Extracted entries:
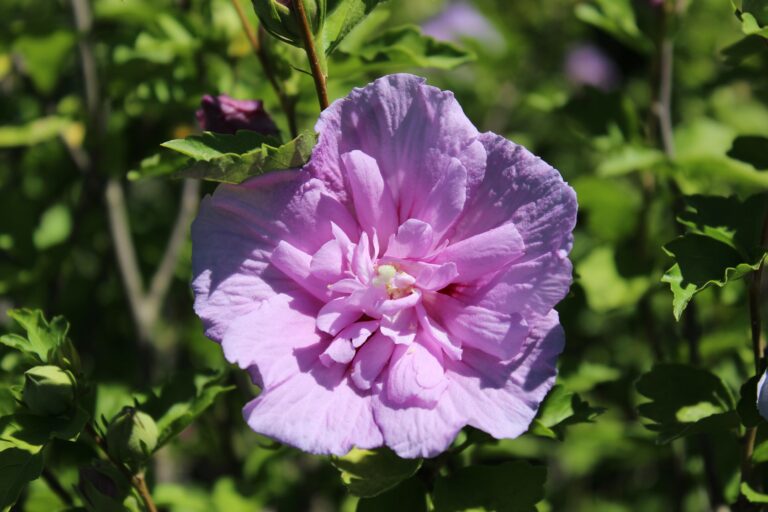 shutterstock 2283301113 lavendar hibiscus 1 768x512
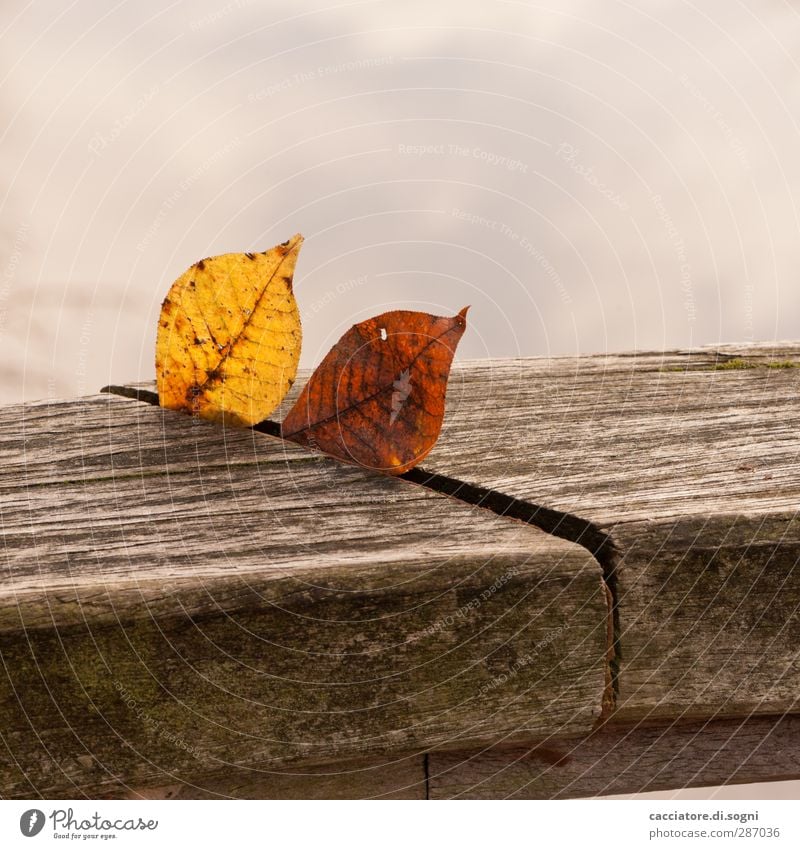 fugue in autumn flat minor Umwelt Natur Herbst Blatt Park ästhetisch einfach frech Zusammensein natürlich trist braun Stimmung ruhig standhaft bescheiden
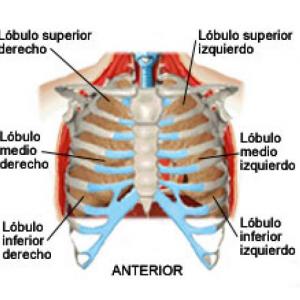 VALORACIÓN FÍSICA DEL TÓRAX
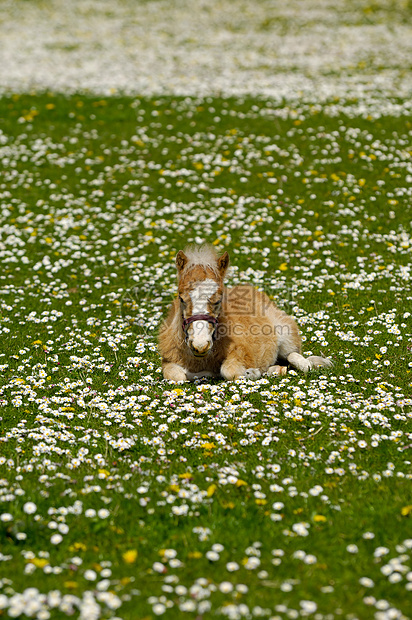 马马的花儿正在草地上休息图片
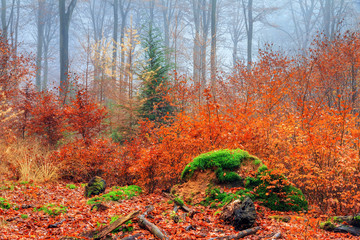Fototapeta premium Beautiful mysterious trees in autumn in a forest in the Netherlands with morning fog and vibrant leafs 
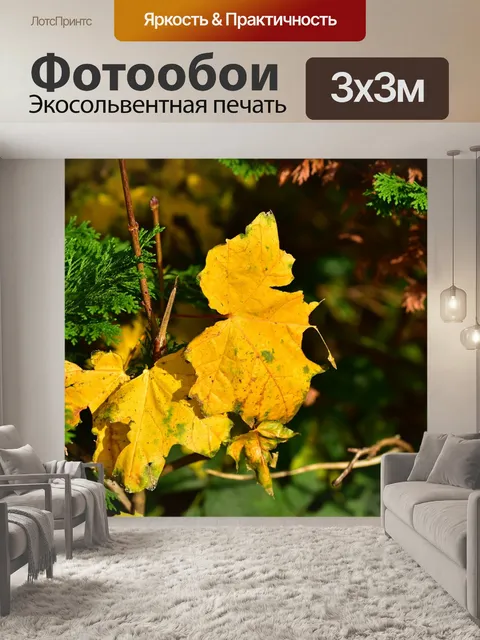 Фотообои Падение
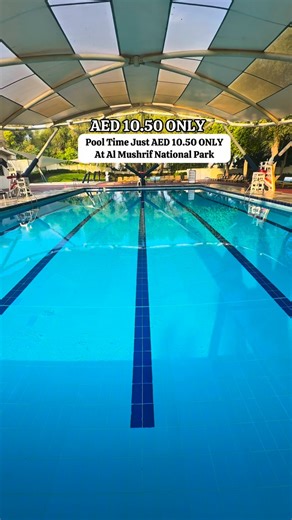 Pool time at📍Dubai Al Mushrif National Park Just AED 10.50 Only @littlechampsswimmingacademy •Temprature Controlled Pools •Swimming coaching and aqua aerobics classes available •Shower and locker facilities •Ample Parking Space Available •Seprate pools for males females and kids Timings : 9am -9pm Open 7 days a week #pool #almushrifpark #swimmingpool #foryoupage #summervibes☀️ #trending #uae #uaebloggers #foodventurres | Foodventurres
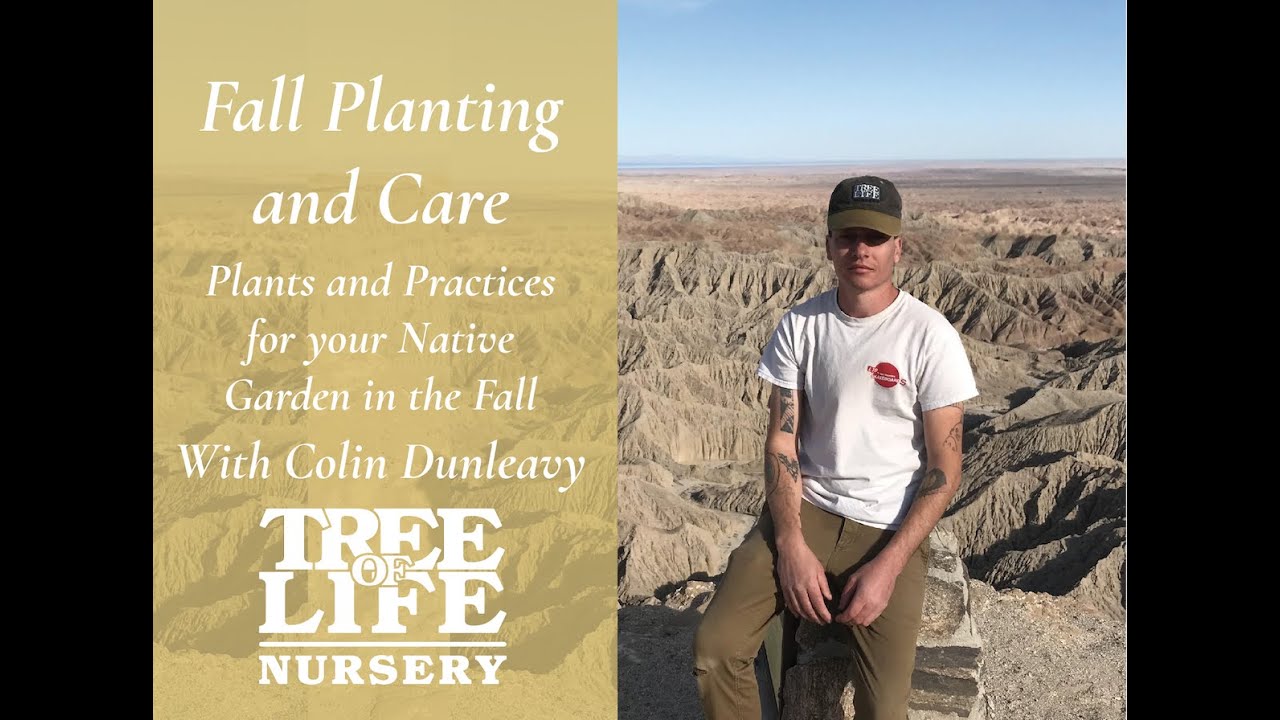 Expert Landscaper's Favorite Native Plants for Fall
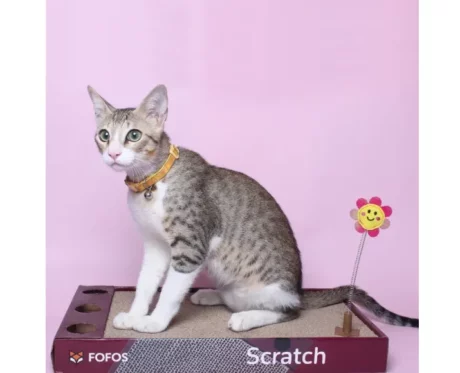 Fofos Rock And Roll Play Box Cat Scratch Toy at ithinkpets.com (2)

Instructions for the task: Leave out every picture, and repeat word for word only the lines from the one holding "Expert Landscaper's Favorite" through the end of the entries above, both ends included.

Answer area:
 Expert Landscaper's Favorite Native Plants for Fall
 Fofos Rock And Roll Play Box Cat Scratch Toy at ithinkpets.com (2)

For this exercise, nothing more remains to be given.